= To do =
Among the lines below, keep only those from the one containing "Used 2007 Jeep Wrangler X image 17" through the one containing "Flower House Хорефто Экстерьер фото", and reproduce them exactly.

(Web page caption snippets)
========

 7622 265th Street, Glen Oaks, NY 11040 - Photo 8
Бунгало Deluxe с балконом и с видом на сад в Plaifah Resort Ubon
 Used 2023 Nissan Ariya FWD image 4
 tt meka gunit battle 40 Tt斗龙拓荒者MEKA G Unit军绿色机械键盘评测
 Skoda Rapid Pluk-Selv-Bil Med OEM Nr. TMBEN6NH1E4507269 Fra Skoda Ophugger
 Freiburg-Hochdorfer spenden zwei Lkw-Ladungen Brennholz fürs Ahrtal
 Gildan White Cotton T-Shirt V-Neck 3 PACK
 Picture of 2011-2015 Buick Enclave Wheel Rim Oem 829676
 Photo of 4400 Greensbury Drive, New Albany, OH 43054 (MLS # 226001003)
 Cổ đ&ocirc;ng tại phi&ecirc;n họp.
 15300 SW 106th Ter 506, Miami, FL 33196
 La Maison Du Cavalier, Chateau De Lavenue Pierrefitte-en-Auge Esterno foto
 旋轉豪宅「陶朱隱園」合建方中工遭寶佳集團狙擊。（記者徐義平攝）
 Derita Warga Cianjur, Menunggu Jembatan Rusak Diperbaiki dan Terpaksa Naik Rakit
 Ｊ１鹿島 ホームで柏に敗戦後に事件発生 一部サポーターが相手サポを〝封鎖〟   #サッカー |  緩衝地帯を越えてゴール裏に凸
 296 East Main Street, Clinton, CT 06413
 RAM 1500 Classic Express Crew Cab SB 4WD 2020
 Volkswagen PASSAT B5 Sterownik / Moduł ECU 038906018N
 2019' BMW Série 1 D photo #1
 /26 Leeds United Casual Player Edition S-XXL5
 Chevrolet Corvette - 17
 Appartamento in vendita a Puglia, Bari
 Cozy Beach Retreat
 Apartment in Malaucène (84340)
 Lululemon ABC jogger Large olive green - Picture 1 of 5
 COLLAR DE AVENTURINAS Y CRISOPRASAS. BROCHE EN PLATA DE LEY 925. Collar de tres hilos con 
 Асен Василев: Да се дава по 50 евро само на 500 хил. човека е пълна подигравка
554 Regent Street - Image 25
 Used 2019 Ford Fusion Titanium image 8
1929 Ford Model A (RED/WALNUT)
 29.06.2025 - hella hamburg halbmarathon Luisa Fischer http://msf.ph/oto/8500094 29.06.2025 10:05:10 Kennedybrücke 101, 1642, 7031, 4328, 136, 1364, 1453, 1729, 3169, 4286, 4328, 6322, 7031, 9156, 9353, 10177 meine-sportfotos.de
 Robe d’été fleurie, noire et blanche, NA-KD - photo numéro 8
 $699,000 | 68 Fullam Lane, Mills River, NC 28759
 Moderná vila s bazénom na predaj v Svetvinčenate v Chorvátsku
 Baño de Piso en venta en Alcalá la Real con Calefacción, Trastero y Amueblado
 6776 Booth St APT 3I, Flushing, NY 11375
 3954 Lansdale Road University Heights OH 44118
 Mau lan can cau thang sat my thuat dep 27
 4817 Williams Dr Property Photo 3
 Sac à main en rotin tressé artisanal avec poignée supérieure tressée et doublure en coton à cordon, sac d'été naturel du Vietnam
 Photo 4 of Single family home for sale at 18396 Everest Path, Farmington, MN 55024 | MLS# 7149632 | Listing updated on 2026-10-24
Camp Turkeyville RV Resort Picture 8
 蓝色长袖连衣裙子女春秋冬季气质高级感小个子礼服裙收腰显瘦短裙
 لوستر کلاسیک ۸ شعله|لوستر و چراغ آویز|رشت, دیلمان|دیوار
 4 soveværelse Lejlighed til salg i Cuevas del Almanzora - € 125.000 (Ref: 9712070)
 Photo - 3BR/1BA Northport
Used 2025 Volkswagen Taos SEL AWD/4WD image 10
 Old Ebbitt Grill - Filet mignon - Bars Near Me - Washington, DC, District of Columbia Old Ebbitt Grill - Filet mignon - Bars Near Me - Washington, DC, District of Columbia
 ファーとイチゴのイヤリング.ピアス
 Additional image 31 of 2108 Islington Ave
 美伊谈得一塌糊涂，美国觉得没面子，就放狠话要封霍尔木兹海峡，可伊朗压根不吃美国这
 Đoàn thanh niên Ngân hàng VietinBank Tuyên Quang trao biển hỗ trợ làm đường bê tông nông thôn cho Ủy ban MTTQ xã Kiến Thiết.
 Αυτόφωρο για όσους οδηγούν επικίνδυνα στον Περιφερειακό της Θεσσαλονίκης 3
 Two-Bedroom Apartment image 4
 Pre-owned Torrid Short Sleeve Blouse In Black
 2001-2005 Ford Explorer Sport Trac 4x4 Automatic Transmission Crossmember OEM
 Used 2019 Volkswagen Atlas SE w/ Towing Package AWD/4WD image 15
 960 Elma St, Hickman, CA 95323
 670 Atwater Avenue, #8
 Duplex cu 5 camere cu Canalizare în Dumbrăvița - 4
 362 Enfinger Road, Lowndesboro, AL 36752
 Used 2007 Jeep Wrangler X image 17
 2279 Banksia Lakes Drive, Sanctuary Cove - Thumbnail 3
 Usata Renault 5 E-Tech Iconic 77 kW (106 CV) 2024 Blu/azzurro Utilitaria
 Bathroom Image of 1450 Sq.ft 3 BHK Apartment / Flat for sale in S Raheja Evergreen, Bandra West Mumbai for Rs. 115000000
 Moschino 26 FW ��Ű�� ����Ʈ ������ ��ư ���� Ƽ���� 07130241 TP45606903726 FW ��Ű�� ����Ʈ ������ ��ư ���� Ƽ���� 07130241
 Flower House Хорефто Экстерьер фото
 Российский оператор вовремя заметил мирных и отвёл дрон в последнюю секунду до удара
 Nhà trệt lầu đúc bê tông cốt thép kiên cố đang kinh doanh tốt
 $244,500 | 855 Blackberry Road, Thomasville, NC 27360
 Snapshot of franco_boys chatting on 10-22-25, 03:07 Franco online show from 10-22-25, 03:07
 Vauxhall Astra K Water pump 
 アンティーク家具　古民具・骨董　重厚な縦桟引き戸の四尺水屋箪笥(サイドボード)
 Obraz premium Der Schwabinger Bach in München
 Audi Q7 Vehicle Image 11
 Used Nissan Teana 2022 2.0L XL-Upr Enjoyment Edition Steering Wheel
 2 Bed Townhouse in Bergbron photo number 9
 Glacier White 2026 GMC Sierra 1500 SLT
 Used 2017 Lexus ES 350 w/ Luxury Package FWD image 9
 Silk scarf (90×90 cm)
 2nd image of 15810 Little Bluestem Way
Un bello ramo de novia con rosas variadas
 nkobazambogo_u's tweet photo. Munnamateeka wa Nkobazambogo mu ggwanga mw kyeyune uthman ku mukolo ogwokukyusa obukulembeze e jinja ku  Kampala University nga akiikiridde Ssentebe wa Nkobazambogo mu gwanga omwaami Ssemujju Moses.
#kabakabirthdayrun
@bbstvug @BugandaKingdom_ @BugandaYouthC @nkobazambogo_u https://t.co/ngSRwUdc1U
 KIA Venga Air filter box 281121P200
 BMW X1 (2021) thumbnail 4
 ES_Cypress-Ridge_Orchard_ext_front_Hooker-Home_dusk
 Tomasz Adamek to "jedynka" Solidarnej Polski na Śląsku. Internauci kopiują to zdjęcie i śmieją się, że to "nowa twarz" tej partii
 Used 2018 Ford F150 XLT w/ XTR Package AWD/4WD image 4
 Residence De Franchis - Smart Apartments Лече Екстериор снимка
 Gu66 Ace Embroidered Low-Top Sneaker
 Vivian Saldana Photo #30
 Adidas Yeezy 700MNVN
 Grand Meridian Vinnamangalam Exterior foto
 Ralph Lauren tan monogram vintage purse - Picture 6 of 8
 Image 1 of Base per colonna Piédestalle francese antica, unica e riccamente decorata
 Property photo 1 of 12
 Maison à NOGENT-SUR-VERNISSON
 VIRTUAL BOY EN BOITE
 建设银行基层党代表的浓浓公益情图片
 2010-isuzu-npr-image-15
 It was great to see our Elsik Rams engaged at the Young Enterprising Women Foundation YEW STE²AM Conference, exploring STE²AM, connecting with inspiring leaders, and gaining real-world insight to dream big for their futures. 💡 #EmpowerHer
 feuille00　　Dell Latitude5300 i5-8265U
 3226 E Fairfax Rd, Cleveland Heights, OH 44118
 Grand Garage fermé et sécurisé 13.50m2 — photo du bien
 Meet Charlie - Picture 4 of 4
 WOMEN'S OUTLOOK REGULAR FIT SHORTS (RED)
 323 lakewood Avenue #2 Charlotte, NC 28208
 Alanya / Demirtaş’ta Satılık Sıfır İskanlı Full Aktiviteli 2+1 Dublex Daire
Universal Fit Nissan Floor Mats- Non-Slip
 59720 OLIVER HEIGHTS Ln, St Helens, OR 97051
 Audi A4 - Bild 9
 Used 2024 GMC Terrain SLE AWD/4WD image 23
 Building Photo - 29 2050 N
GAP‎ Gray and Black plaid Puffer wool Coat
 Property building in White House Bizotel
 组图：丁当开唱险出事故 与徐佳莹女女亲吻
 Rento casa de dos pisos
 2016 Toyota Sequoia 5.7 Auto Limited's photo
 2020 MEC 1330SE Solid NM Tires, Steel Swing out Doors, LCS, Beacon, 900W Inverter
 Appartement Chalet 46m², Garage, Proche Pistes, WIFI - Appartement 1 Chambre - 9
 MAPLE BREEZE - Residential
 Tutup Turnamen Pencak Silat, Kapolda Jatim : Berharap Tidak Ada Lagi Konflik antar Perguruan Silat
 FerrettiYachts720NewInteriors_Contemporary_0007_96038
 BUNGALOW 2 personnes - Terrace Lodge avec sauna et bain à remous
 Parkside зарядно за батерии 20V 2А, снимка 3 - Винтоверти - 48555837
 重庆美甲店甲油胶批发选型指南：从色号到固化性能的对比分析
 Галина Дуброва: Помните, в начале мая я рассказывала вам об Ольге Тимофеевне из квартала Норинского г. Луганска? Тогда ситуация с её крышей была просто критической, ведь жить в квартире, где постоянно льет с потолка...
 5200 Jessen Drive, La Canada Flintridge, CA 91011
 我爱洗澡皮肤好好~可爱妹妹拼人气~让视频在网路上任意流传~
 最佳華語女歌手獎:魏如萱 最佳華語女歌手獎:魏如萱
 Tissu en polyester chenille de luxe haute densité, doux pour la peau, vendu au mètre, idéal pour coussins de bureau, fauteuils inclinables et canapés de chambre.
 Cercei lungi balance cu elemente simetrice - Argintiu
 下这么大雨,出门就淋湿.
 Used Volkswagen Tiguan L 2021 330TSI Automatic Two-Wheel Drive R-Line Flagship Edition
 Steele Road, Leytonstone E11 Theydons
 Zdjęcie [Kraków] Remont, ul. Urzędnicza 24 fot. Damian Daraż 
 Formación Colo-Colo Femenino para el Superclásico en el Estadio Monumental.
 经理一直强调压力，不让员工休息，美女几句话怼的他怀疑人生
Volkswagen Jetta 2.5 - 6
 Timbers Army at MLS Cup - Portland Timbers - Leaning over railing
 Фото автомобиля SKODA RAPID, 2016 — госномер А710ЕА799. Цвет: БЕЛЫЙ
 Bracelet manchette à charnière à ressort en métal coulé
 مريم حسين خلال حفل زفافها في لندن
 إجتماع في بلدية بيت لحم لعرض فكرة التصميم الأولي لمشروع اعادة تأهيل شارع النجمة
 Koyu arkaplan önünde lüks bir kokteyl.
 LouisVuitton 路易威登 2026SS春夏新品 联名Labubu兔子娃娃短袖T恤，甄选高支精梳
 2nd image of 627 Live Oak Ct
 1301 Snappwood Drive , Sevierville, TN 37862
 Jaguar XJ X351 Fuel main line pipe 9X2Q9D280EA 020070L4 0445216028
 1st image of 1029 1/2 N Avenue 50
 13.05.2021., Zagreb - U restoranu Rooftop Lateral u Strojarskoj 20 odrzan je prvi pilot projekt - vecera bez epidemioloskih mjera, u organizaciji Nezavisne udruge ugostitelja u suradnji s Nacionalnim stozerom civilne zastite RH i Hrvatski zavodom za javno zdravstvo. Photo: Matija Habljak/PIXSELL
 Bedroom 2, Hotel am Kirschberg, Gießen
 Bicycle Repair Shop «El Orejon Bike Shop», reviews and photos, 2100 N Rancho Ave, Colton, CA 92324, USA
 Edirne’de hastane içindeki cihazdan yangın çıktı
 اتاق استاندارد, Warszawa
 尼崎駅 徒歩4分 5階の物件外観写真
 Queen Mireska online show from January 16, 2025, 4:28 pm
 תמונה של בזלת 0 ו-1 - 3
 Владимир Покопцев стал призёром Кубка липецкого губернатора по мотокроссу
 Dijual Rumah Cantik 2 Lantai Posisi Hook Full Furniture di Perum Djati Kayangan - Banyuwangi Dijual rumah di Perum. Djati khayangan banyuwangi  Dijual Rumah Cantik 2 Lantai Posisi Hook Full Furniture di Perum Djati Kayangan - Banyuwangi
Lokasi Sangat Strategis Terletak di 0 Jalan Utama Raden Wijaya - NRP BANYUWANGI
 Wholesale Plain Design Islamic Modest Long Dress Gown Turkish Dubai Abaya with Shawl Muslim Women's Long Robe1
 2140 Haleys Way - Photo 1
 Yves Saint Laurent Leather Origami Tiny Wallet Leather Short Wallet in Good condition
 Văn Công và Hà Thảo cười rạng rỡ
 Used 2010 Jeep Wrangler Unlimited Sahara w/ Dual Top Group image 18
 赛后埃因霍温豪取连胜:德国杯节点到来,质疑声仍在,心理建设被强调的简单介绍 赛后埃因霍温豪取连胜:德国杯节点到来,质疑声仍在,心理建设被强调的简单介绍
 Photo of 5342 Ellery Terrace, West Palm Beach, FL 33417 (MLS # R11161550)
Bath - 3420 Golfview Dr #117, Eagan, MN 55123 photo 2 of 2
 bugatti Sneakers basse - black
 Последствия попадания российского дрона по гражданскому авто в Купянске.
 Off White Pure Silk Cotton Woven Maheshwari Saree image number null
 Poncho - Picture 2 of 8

========

= Reply to the exercise =
 Used 2007 Jeep Wrangler X image 17
 2279 Banksia Lakes Drive, Sanctuary Cove - Thumbnail 3
 Usata Renault 5 E-Tech Iconic 77 kW (106 CV) 2024 Blu/azzurro Utilitaria
 Bathroom Image of 1450 Sq.ft 3 BHK Apartment / Flat for sale in S Raheja Evergreen, Bandra West Mumbai for Rs. 115000000
 Moschino 26 FW ��Ű�� ����Ʈ ������ ��ư ���� Ƽ���� 07130241 TP45606903726 FW ��Ű�� ����Ʈ ������ ��ư ���� Ƽ���� 07130241
 Flower House Хорефто Экстерьер фото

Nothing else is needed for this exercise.